== Work required ==
Every line of the data below is to be duplicated exactly, pictures excepted.

START Extracted information

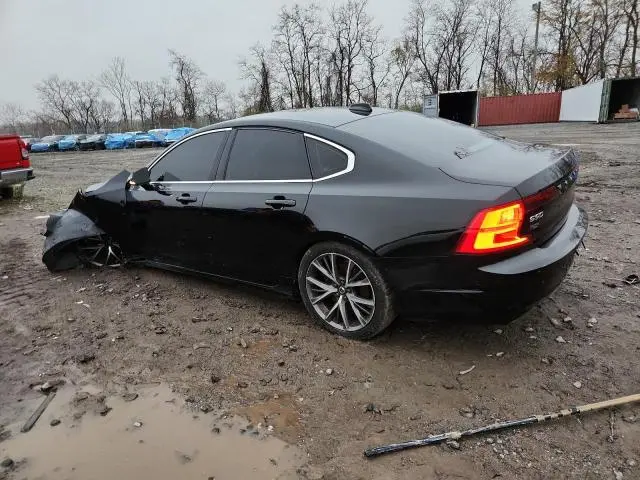 2017 VOLVO S90 T6 MOMENTUM  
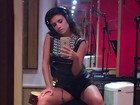 Paula Fernandes faz pose com as pernas de fora em estúdio: 'No carão'
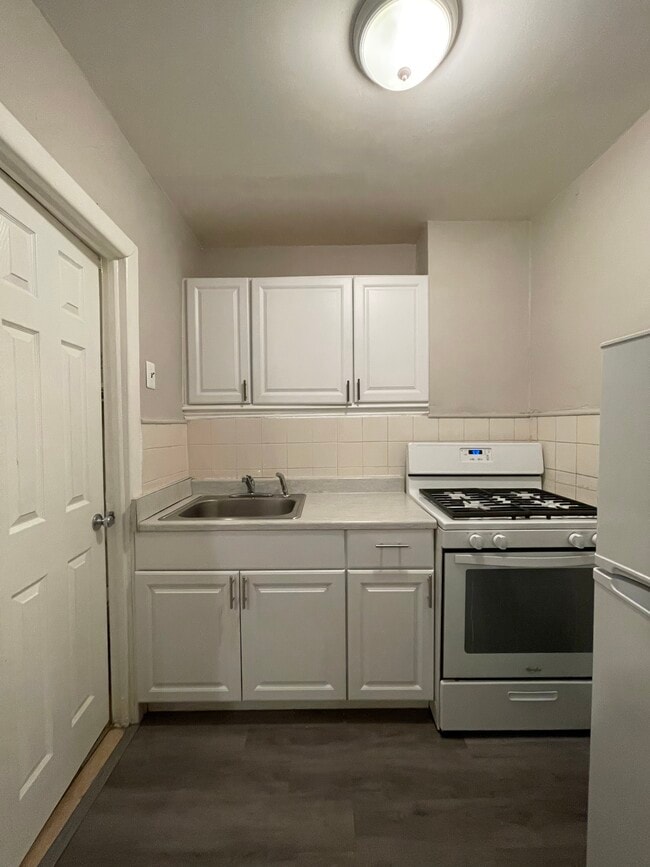 237 Duncan Ave unit 6, Jersey City, NJ 07306 - photo 2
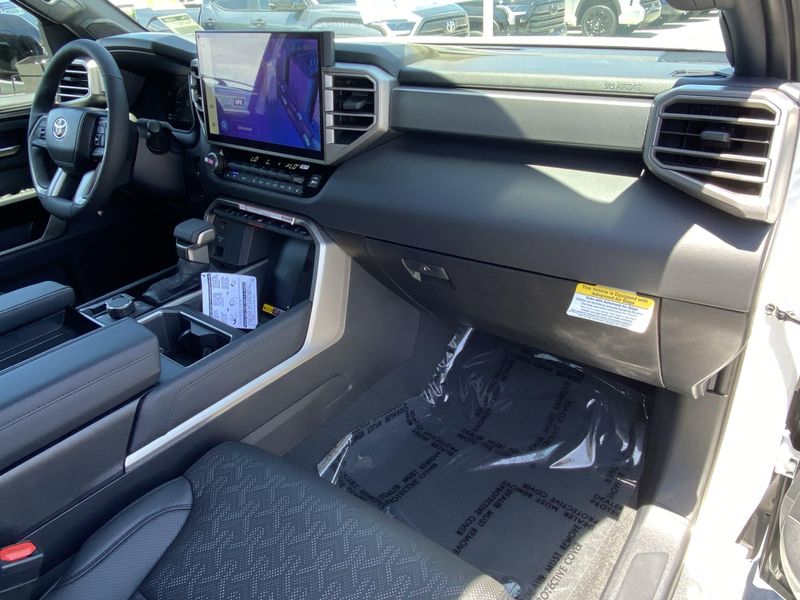 New 2025 Toyota Tundra Limited HybridImage 9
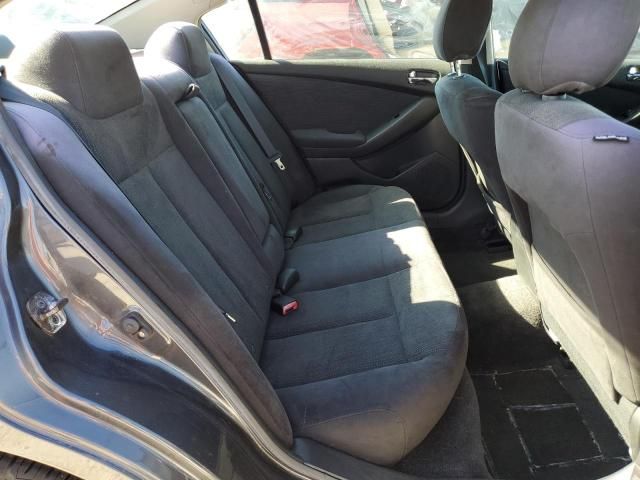 2010 Nissan Altima Base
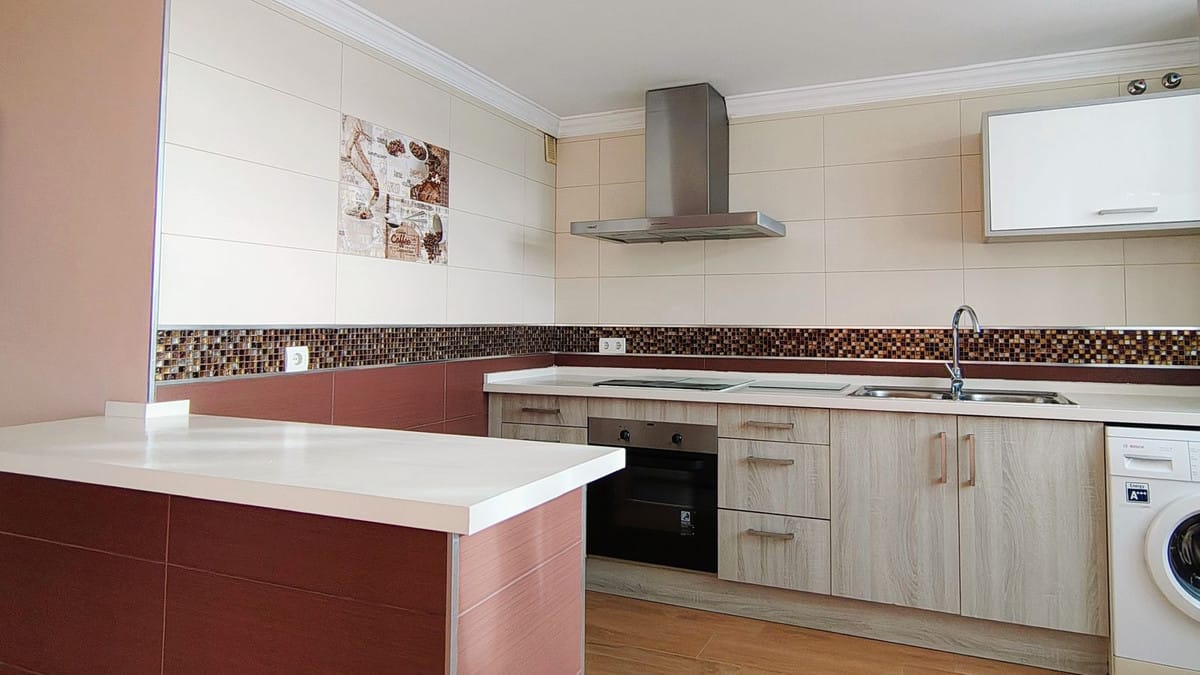 Appartement met 4 slaapkamers in San Pedro de Alcántara in San Pedro de Alcántara - foto 4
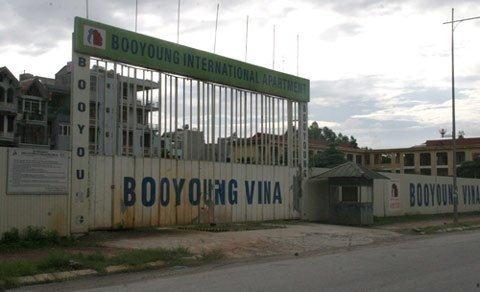 Dự án Booyoung Vina tại khu đô thị Mỗ Lao đến nay vẫn chỉ là bãi đất, tường rào sắt xây quanh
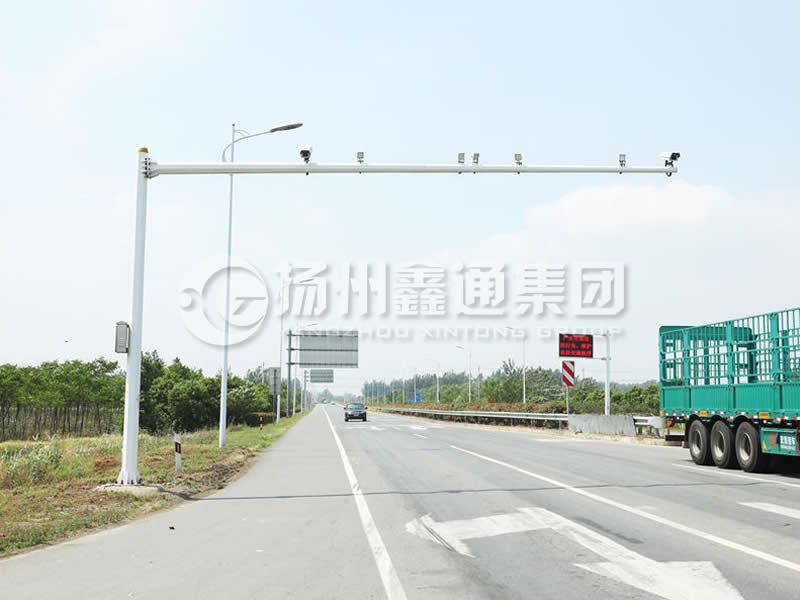 DJG-002，電子警察桿，闖紅燈抓拍桿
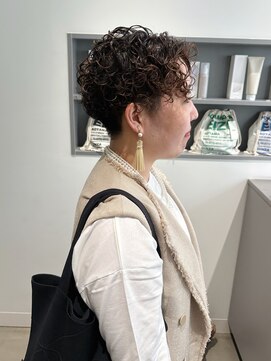 エイゾー 銀座(EIZO) かりあげショート/ショートパーマ/くるくるパーマ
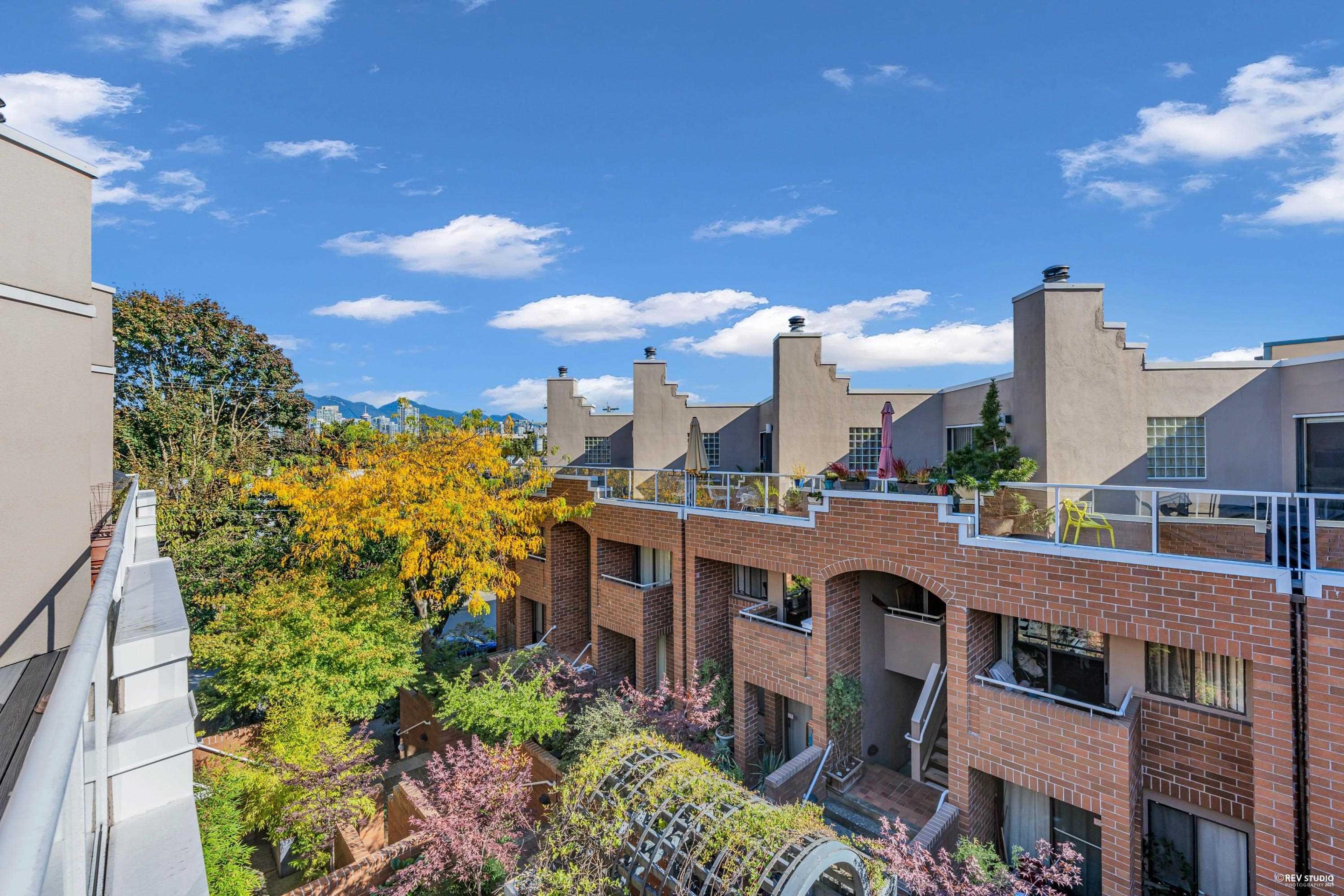 744 W 7th Avenue, Vancouver - Exteriors - Full Complex View - Photo 3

END Extracted information

== Result ==
 2017 VOLVO S90 T6 MOMENTUM  
 Paula Fernandes faz pose com as pernas de fora em estúdio: 'No carão'
 237 Duncan Ave unit 6, Jersey City, NJ 07306 - photo 2
 New 2025 Toyota Tundra Limited HybridImage 9
 2010 Nissan Altima Base
 Appartement met 4 slaapkamers in San Pedro de Alcántara in San Pedro de Alcántara - foto 4
 Dự án Booyoung Vina tại khu đô thị Mỗ Lao đến nay vẫn chỉ là bãi đất, tường rào sắt xây quanh
 DJG-002，電子警察桿，闖紅燈抓拍桿
 エイゾー 銀座(EIZO) かりあげショート/ショートパーマ/くるくるパーマ
 744 W 7th Avenue, Vancouver - Exteriors - Full Complex View - Photo 3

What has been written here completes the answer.